For a low-inclination, high-eccentricity orbit, the longitude of ascending node may be very uncertain (becoming undefined in the purely theoretical zero-inclination case) even though the orientation of the ellipse as projected to the reference plane is clear.

Why is the AOP not taken as the angle made with the reference direction when the periapsis is projected to the reference plane? This would make its measurement independent of the LAN, and the angle would be uncertain only in a very small region above the poles -- a much rarer situation than a near-zero-inclination orbit.

I see there's an element called longitude of periapsis (ϖ), which if I understand correctly is almost (but not quite) the same thing as what I'm proposing, that's occasionally used for orbital elements of the planets.

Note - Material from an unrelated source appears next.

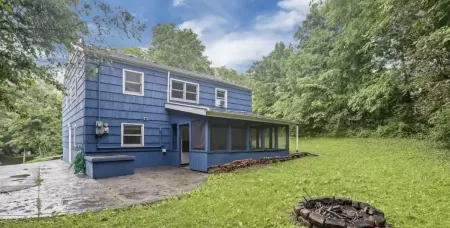 Secluded Home-Away-from-Home with Cook's Kitchen, Serving Ann Arbor & Ypsilanti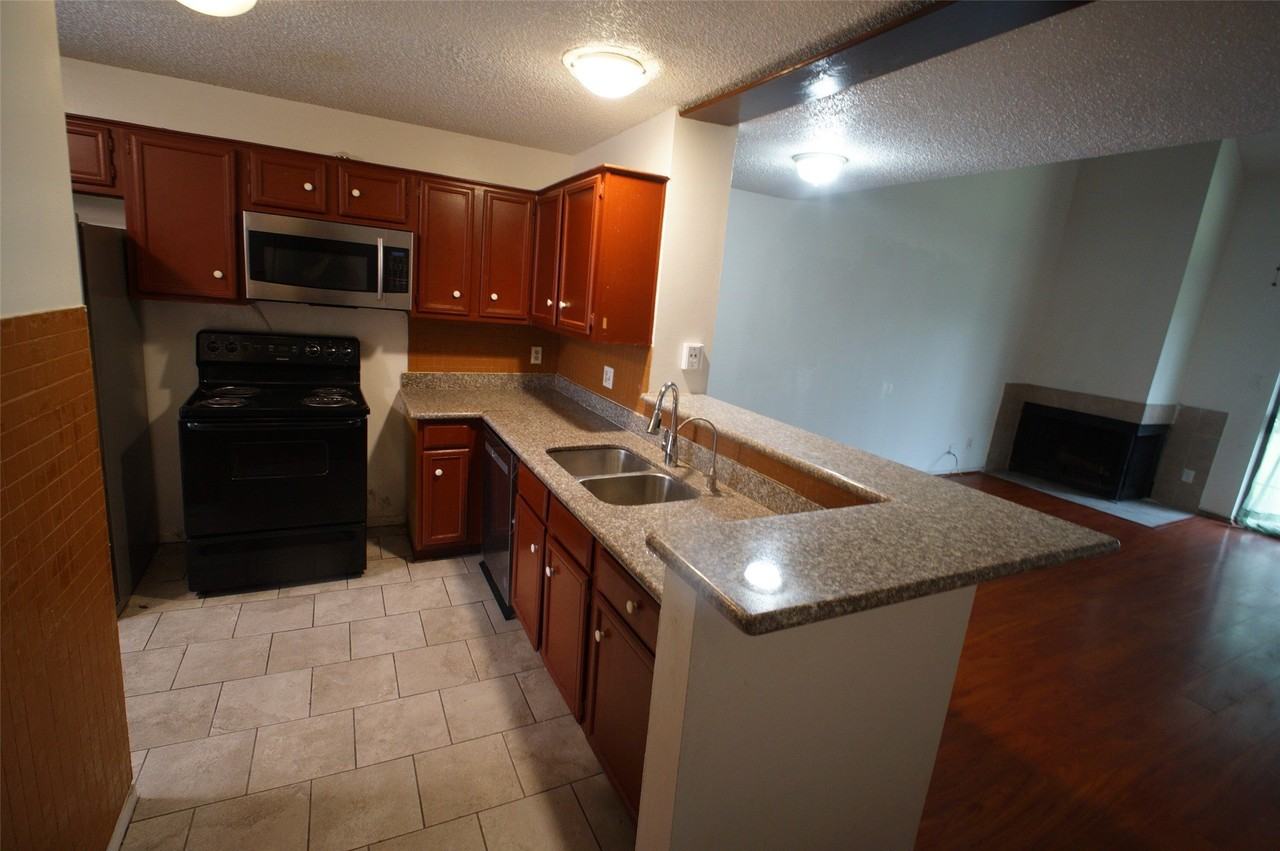 8531 Sands Point Drive - Photo 5 of 19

Why is AOP defined this way?


1 Answer 1


The longitude of the ascending node $\Omega$, the inclination $i$, and the argument of periapsis $\omega$ are simply the classic Euler angles $\phi$, $\theta$, and $\psi$, in that order. Then the classic Euler transform applied to an orbit in the X-Y plane with the periapsis on the +X-axis gives you the actual orbit in X-Y-Z.

There is probably no reason other than the use of the conventional transform to specify the rotation of a rigid 3-D object.